Closed maxfreu closed 4 months ago

maxfreu commented 7 months ago

Hi! I have a dataframe column containing vectors of 10 Int16s. I would like to save the vectors as 20 bytes of blob data. How can I do that? Right now I work around it by converting the reinterpreted chars to a string, but that has issues with null termination etc.

quinnj commented 6 months ago

It's a little hard to tell what you're trying to do; can you share some example code of what you would like to do or what you're currently doing and problems you're having? Having concrete code example to work with can help in answering your question.

maxfreu commented 6 months ago

Actually, my question was imprecise. It's more directed towards how blob data can be written without unnecessary copies.

# My data looks like this, just with 80 million rows:
data = [rand(UInt16, 10) for _ in 1:10]

# what I want is writing the data as contiguous blob (NOT serialized julia structs)
# I achieve this like so:
data2blob(v) = collect(reinterpret(UInt8, v))

df = DataFrame(:foo => data2blob.(data))
db = SQLite.DB("deleteme.sqlite")
SQLite.load!(df, db, "foo")
close(db)

The resulting file has a blob column with the correct data written to it. However, I'd like to avoid calling collect on 1.6GB of data. But when I leave it away, like so:

df = DataFrame(:foo => reinterpret.(UInt8, data))

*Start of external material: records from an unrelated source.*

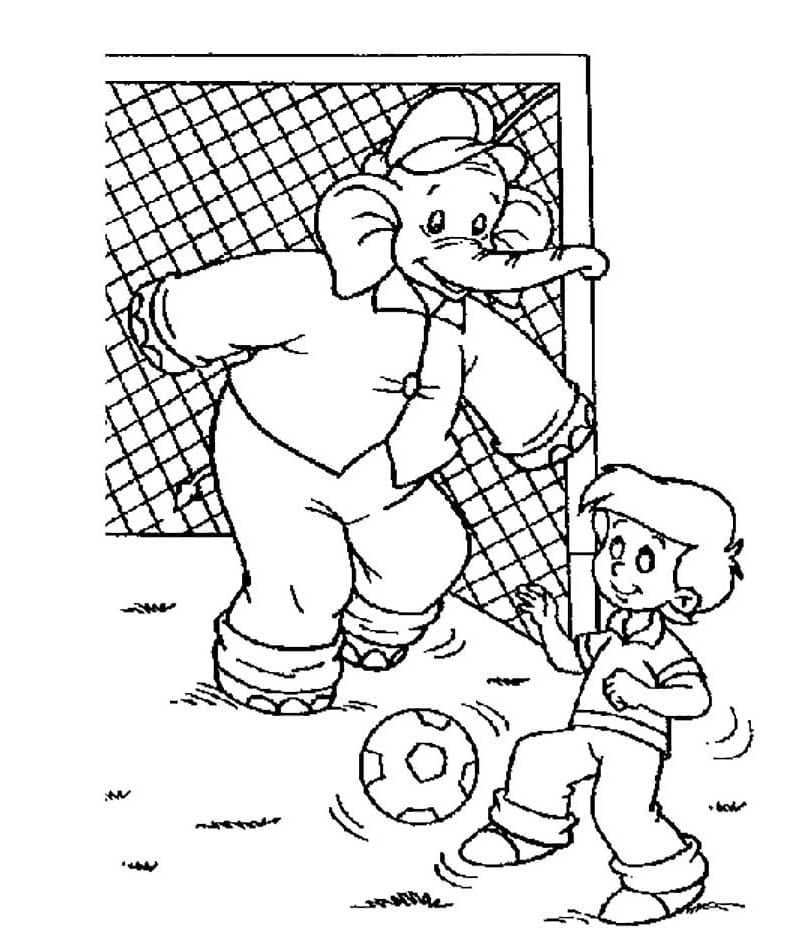 Benjamin Blümchen spielt Fußball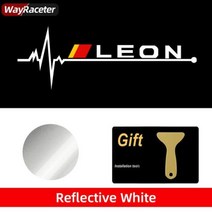 좌석용 반사 비닐 자동차 창 스티커 이비자 큐프라 아로나 Ateca 코르도바 엑세오 레온 미이 타라코 톨레도 아로사 알티아 알함브라, Leon+1 Piece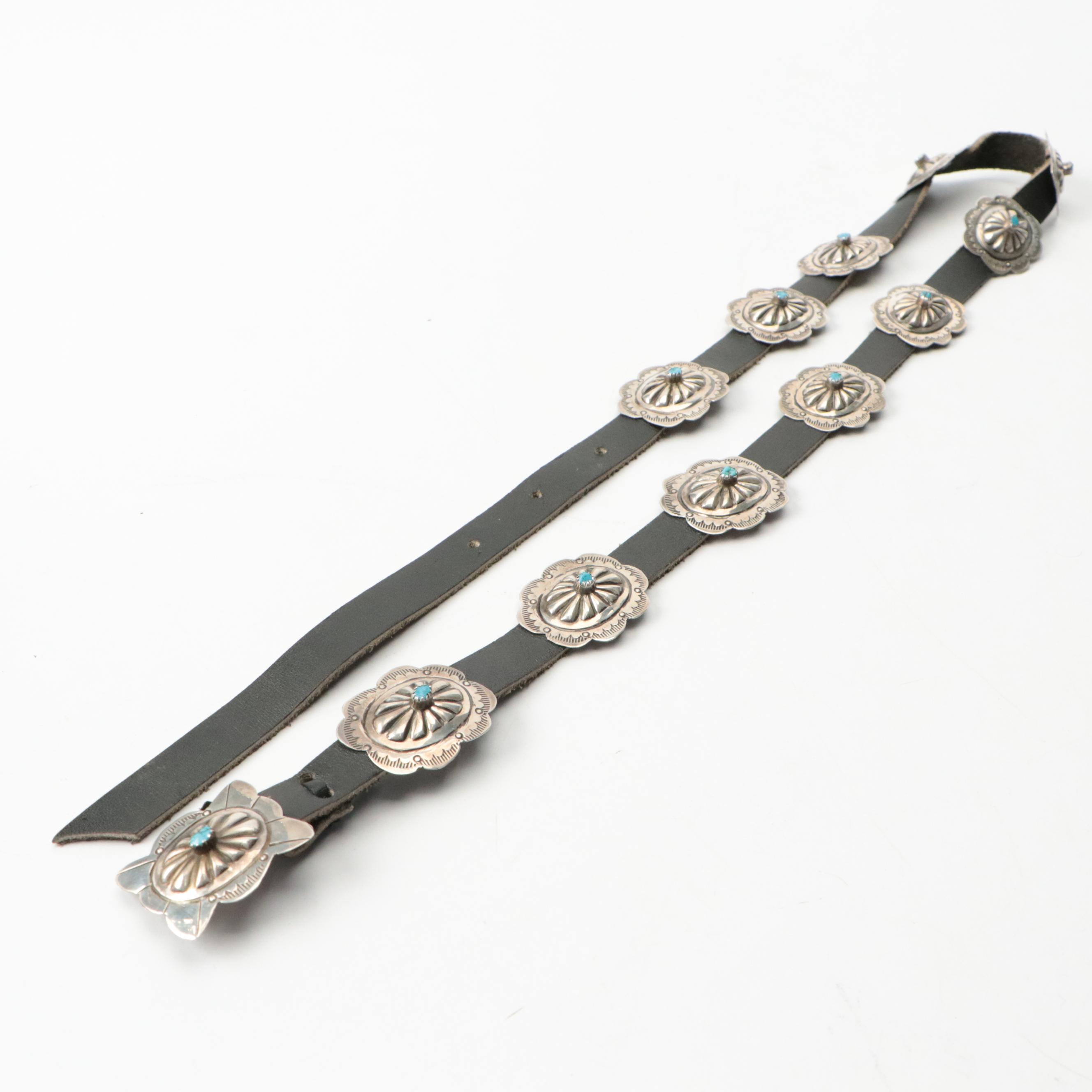 Conchos Ovales Southwestern 48x38 Mm - Style Argent Ancien, Pour Selle, Ceinture, Décoration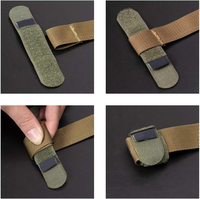 Sangles auto-adhésives personnalisées en nylon robuste pour l'organisation des câbles, idéales pour l'équipement tactique, l'électronique et l'usage domestique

the julia types get serialized somehow before being written. This makes kind of sense, but then I can't read it into other programs anymore. Maybe it would be good to special-case reinterpret arrays of basic integer types somewhere in the code?

quinnj commented 6 months ago

Yeah, that makes sense to me. It might just be that we're supporting Vector{UInt8}, but could make it AbstractVector{UInt8} to store as blobs.

maxfreu commented 6 months ago

Oh yes, relaxing to AbstractVector{UInt8} is way better than specializing for reinterpret arrays. Where would that go?